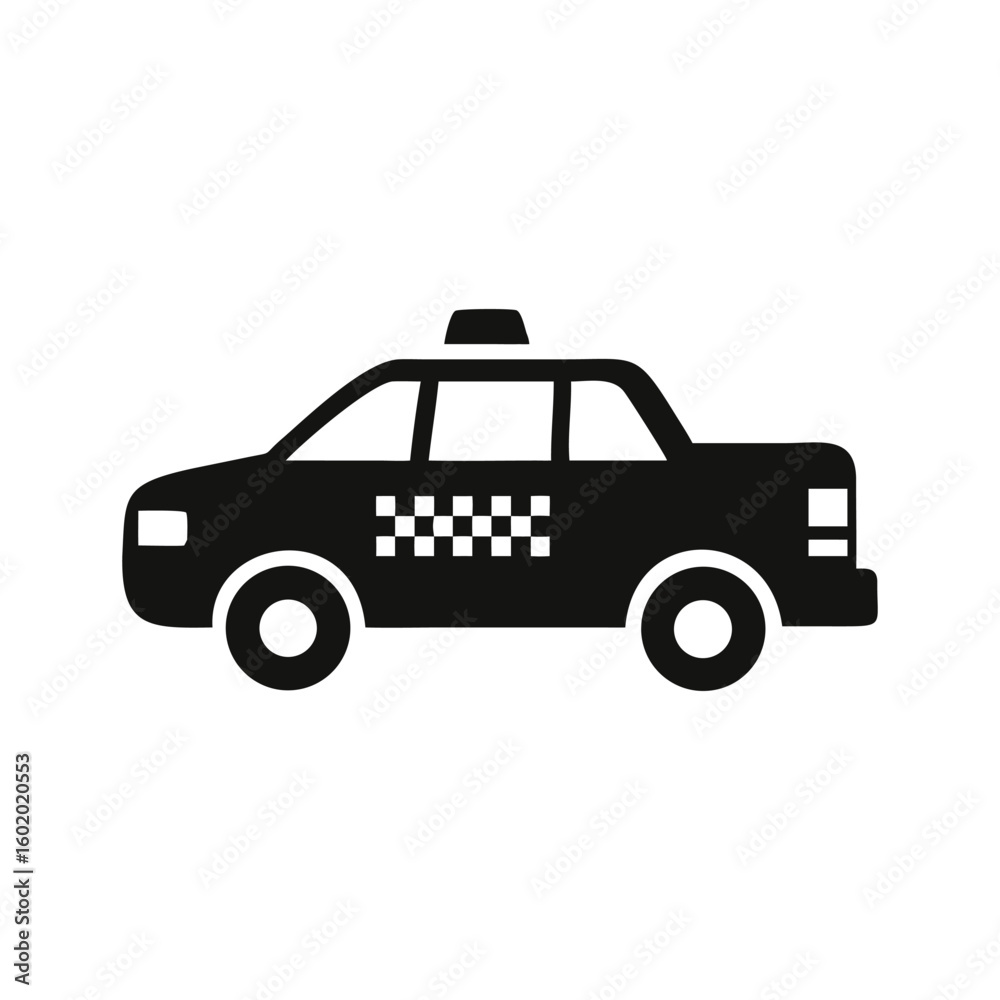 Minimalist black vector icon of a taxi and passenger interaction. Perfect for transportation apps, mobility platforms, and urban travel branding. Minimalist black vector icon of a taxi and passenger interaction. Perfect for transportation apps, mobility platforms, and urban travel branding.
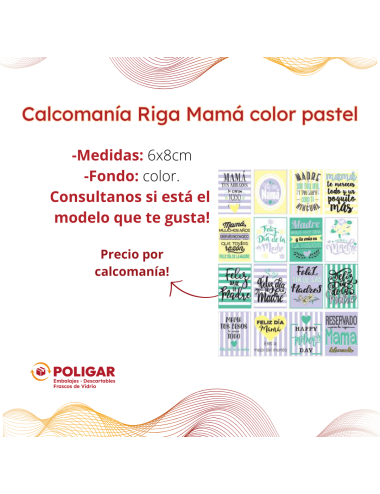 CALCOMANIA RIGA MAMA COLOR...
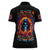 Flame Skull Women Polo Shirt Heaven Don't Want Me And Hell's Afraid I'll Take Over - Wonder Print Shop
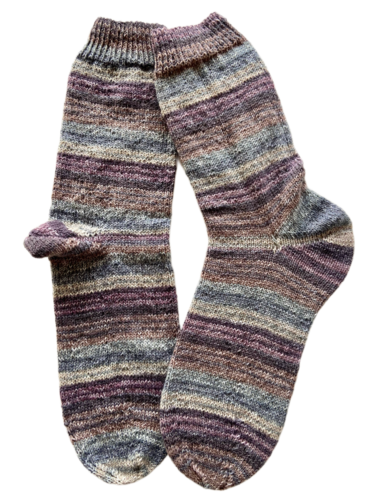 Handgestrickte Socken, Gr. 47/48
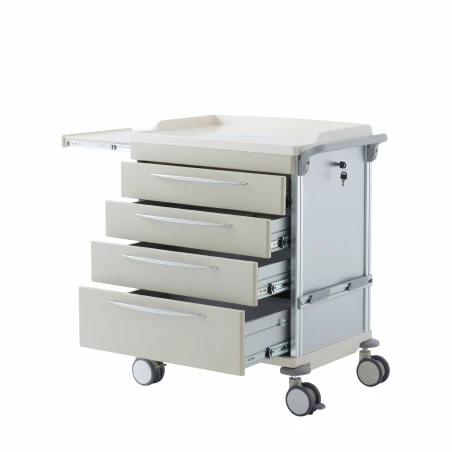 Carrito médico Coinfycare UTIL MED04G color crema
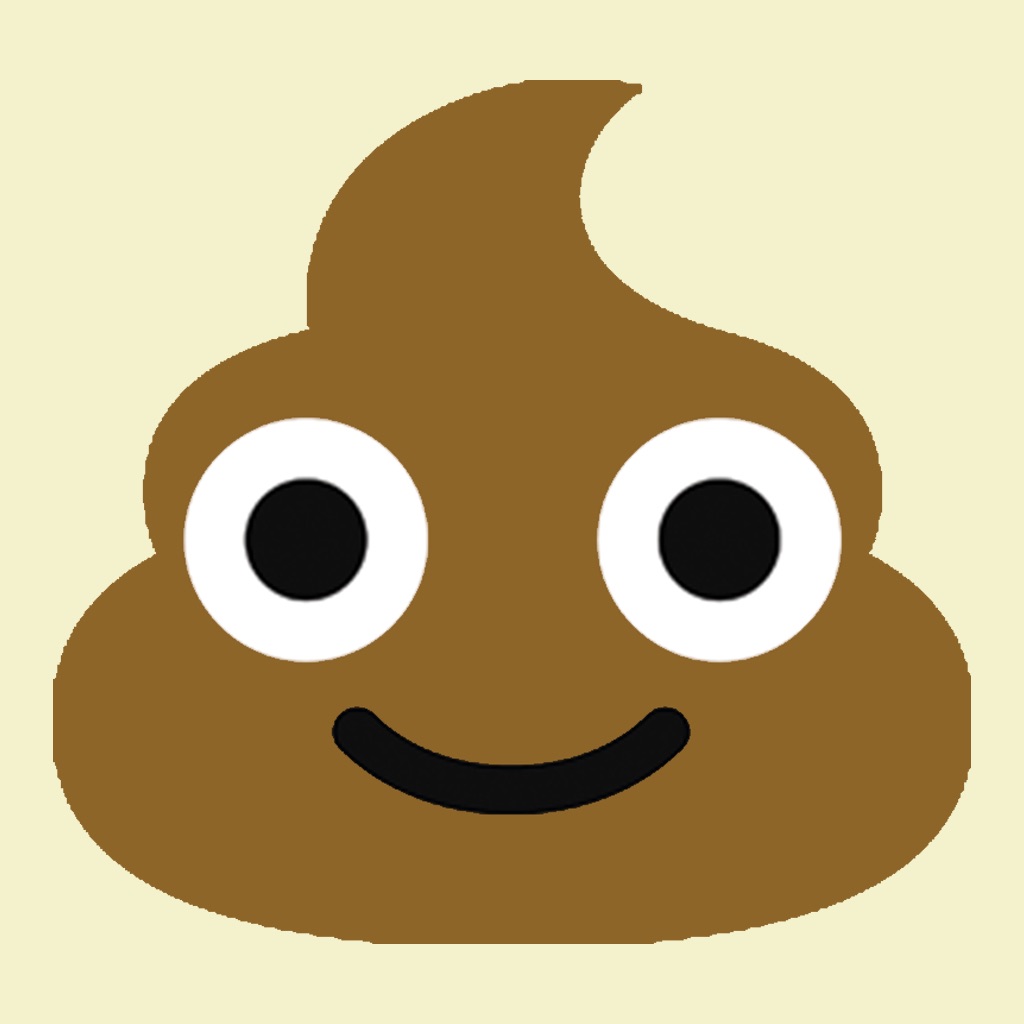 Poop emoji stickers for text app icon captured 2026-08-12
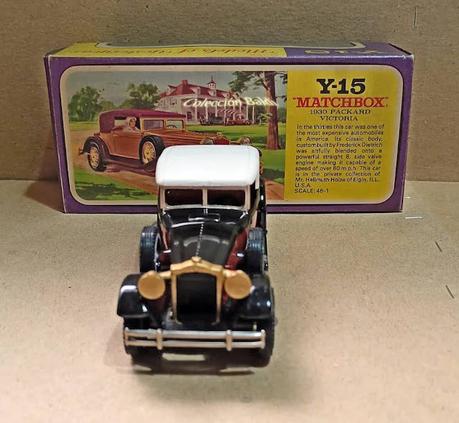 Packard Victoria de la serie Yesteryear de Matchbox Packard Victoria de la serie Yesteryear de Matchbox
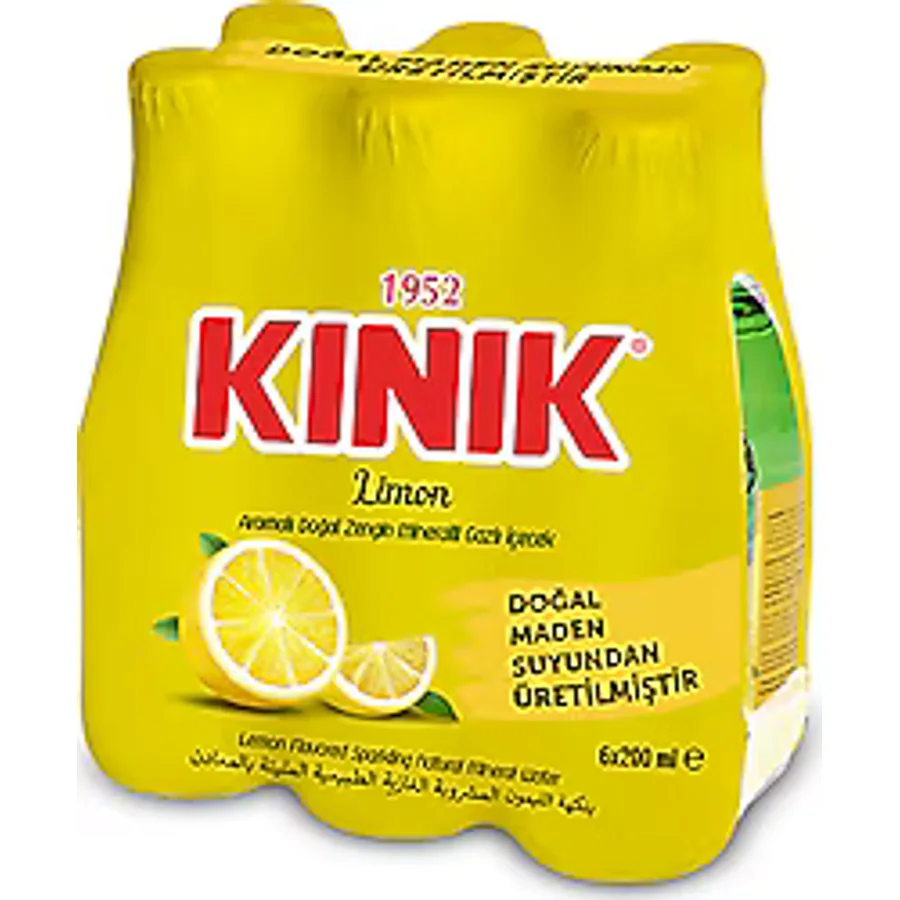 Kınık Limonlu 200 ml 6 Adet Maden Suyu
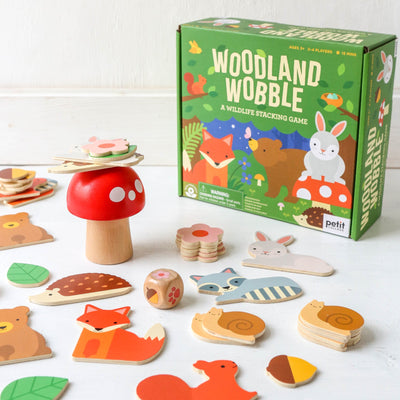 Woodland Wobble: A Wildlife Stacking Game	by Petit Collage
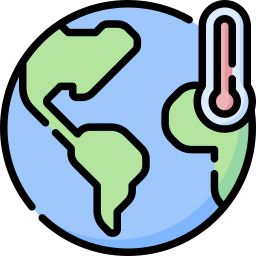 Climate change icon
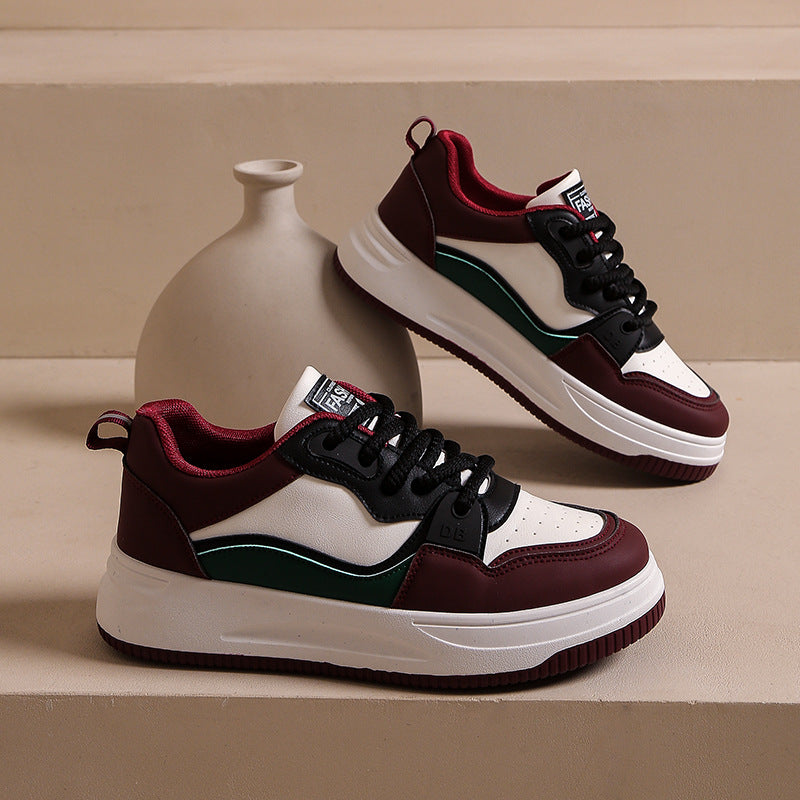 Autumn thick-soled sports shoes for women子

Task requirements:
Counting both ends, reproduce word for word the lines from the line with "CALCOMANIA RIGA MAMA COLOR..." to the final line of the listing above, skipping every picture.

Completed task:
 CALCOMANIA RIGA MAMA COLOR...
 Flame Skull Women Polo Shirt Heaven Don't Want Me And Hell's Afraid I'll Take Over - Wonder Print Shop
 Handgestrickte Socken, Gr. 47/48
 Carrito médico Coinfycare UTIL MED04G color crema
 Poop emoji stickers for text app icon captured 2026-08-12
 Packard Victoria de la serie Yesteryear de Matchbox Packard Victoria de la serie Yesteryear de Matchbox
 Kınık Limonlu 200 ml 6 Adet Maden Suyu
 Woodland Wobble: A Wildlife Stacking Game	by Petit Collage
 Climate change icon
 Autumn thick-soled sports shoes for women子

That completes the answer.